A putative reason for these differences is to respond to different levels of calcium stimuli. Indeed, calcium signalling does not have the same physiological role between vertebrates, invertebrates, plant and fungi. Furthermore, humans have an array of different isoforms and splice variants, displaying a complex and overlapping tissue‐specific expression profile. Therefore, calcium concentrations required to stimulate adenosine nucleotide transport are different in each case, because the affinity of EF‐hands for calcium binding has been adapted through specific mutations. The calcium concentration for half‐maximal activity has been estimated to be 15–30 μM calcium for yeast APC 7, 44 180 μM calcium for human APC 45 and 0.2–0.8 μM calcium for Arabidopsis thaliana APC 46. Calcium affects the V max but not the K m for substrate transport in APC, suggesting a non‐competitive mechanism of calcium regulation 44, 45, 46, 47.

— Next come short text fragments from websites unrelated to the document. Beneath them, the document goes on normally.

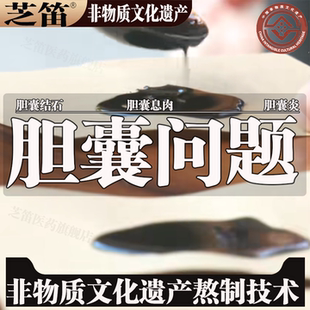 非遗鸡内金治疗胆囊結石碎石胆囊炎息肉吃什么效中成特贴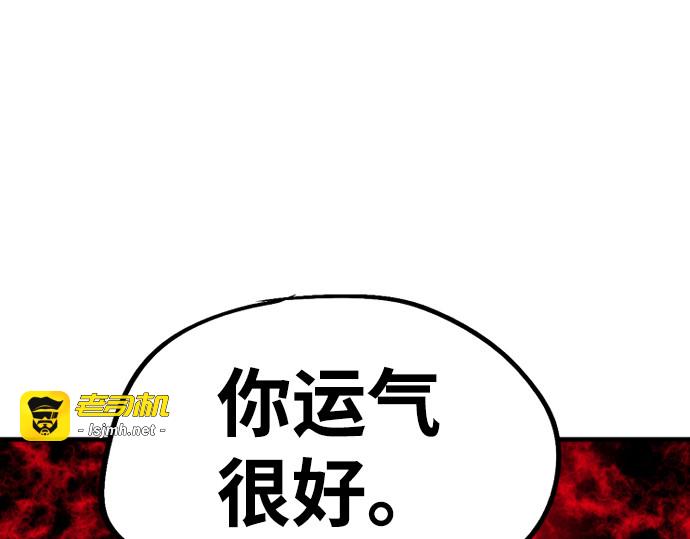 第1话 第 265 页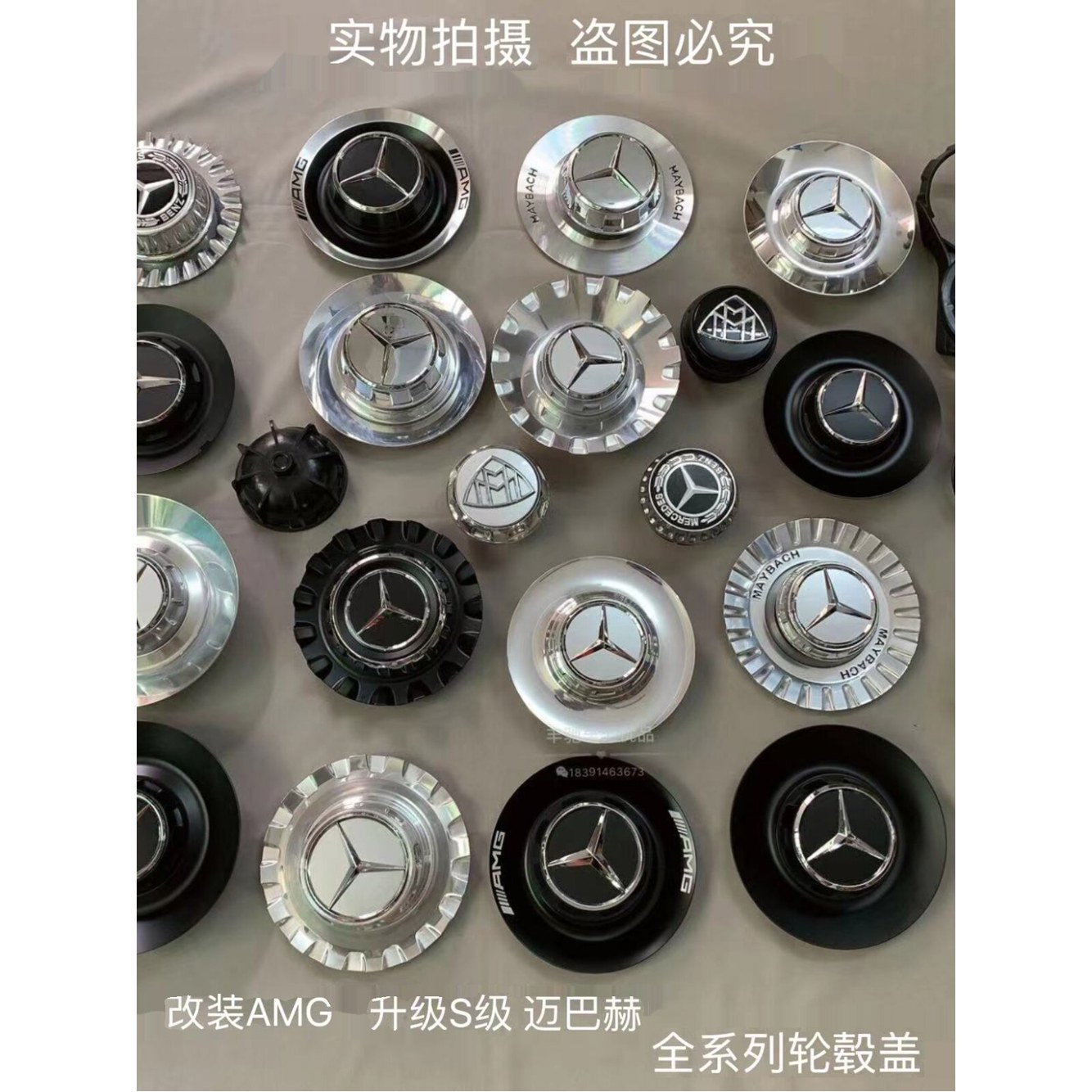 14 A45L GL400 튜닝 68 모델 60 300 나사68제거렌치 ANG 인치 13 도금 나사68제거렌치 - 상세 이미지 3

Relative to calcium activation of the AGC (from rat liver), which has been measured at around 300 nM 48, 49, APC has a requirement for higher calcium concentrations. The calcium sensitivity of AGC is closer to the calcium activation of other high‐sensitivity calcium sensors in the cell, such as calmodulin, which has a nanomolar affinity for calcium 50. Therefore, APC is a low‐sensitivity calcium sensor, which is not unusual as proteins, such as troponin C 51 and the mitochondrial calcium uniporter (MCU) 52, also have calcium binding constants in the micromolar range.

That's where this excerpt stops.